Len spent 5 years teaching at Cabrillo and developed some terrific fencers and competitors, amassing a successful record in the now-defunct Junior College Championships in Nor Cal.


Cabrillo College’s 1980 team with a collection of trophies and medals, a broken sabre, and Len’s boy Lencin Carnighan.

Len enlisted in the Marines at age 17, served in Vietnam during the Tet Offensive and came home with a Purple Heart and PTSD.  He went to college on the GI Bill, starting at LA Valley College where he started fencing under Joe Abel.  The story he told me was that he took up fencing because he was sure that when Atlantis rose again, guns would no longer be available and knowing sword fighting might prove useful.  Now, I don’t know how late he was up or what he’d been doing prior to coming up with that particular theory of the future of Earth, but his ability to tell that story with a straight face in a passionate tone made the listener, at the very least, think, “well, I guess that could happen…”  He transferred to UC Santa Cruz on the advice of Joe Able, so that he might study with Charles Selberg.  It was under Charlie’s tutelage that Len settled on the idea of becoming a fencing teacher himself.


Len as a UCSC Banana Slug fencer, although the fencing team chose Robert Crumb’s Mr. Natural as their own mascot.

Around 1980, Len closed down the Freedom club and opened up the Santa Cruz Fencers Club at the Palomar Hotel on Pacific Avenue in downtown Santa Cruz.
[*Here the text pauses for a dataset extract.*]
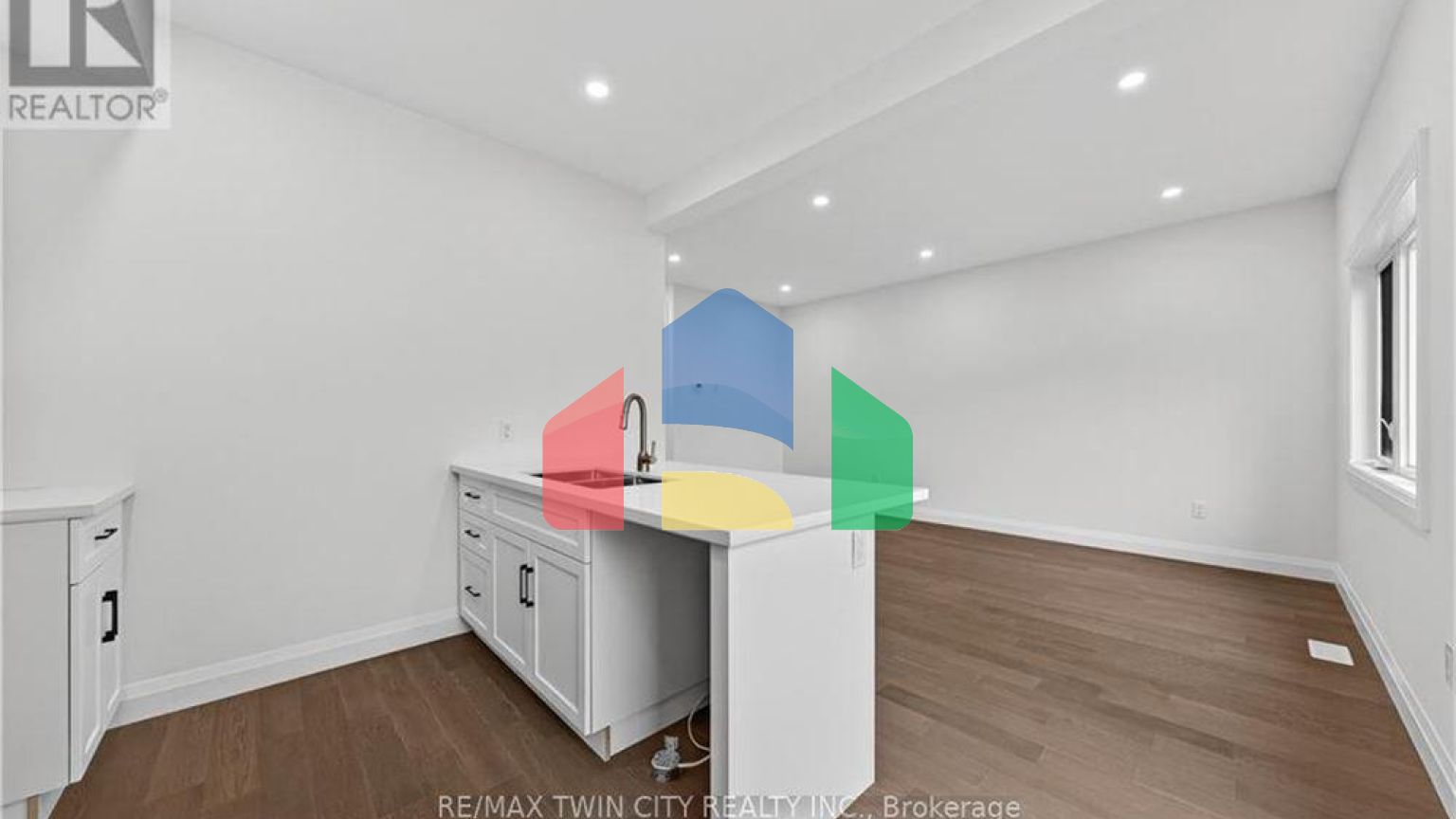 Residential - Single Family Home - Cambridge, Canada - Canada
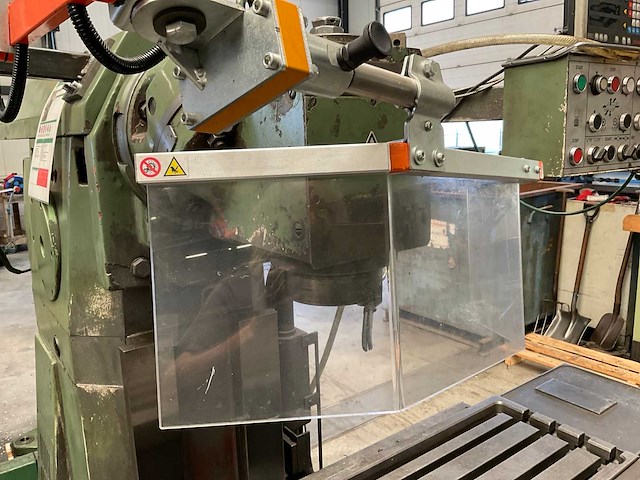 1985 tos olomouc fgh32 bedfreesmachine - afbeelding 23 van  25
The club met in the ballroom of the old Spanish style hotel, built in 1928.


Santa Cruz fencers at the Palomar Hotel.

Len credited his teaching methodology to several fencing masters besides Charlie Selberg.  He also learned a great deal from John McDougall, Jack Nottingham and Michael D’Asaro Sr.


Michael, Angela Dracott and Len.

Len was never shy about getting knowledge about fencing from whatever source might present itself.  He often told a story about eavesdropping on an historic moment at the 1984 Olympics involving Peter Westbrook and his fencing master, Csaba Elthes.


Elthes & Carnighan

Len scored a credential for the LA Olympics in 1984 and spent his time finding ways to get into places and situations where he could see and learn from these, the best and brightest of the fencing world.  His instinct for being in the right place found him backstage at the moment Elthes approached Westbrook before his bronze medal match.  Other fencers, seeing that Csaba wished to say something to Peter, backed away to give them space for a private moment.  Not Len.  As he put it later, “I wasn’t going to miss this!”  He stuck in his ear to learn what the last wisdom before such a momentous bout might be.  As he told it, Csaba simply said, “Fight, Peter!  Fiiiight!!”

After Santa Cruz, Len taught in Ashland, Oregon.  It became a bit of a hotspot for fencing masters.  Len, Michael D’Asaro, Charlie Selberg and John McDougall all moved from Central Cal to Ashland at about the same time.  That’s a lot of fencing masters for one dinky Southern Oregon town.

Moving again, Len settled in Portland, Oregon, opening the Studio of American Fencing in Northeast Portland.


Len at SAF.

He taught a lot of fencers at this salle and it was fortunately situated right next door to a local bar with a pool table.  Of course, being next to a bar, you could expect some interesting situations.  One story went like this.

“One night, it’s late and I’m wrapping up teaching.  Some drunk biker dude stumbles from the bar into the club and starts yelling that fencing is for wimps and he’s there to kick all our butts.  I tried to talk him down, but he just yells at me.  “Are you the teacher here?  Gimme a sword, I’ll kick your ass!”  Well, I didn’t really want to hurt the guy, but I put a sabre in his hand and say, “Ok, On Guard.”  He makes one step forward – he’s wearing a leather jacket, remember – and I step forward and crack him across the chest with the best chest cut of my life.  Well, he stands straight up, hands the sabre to me guard first, turns around and walks out without saying another word.”


Eric Patton and Len

One of Len’s young fencers in Portland was one of those rare prodigies.  Eric Patton was a young fencer that had a tremendous talent for competing.  As a young fencer, he attended his first international competition in Tel Aviv for the Cadet World Championships in 1987, where he placed 9th in the world.  Sadly, he didn’t stick with fencing and Len was left wondering how far this young man may have gone.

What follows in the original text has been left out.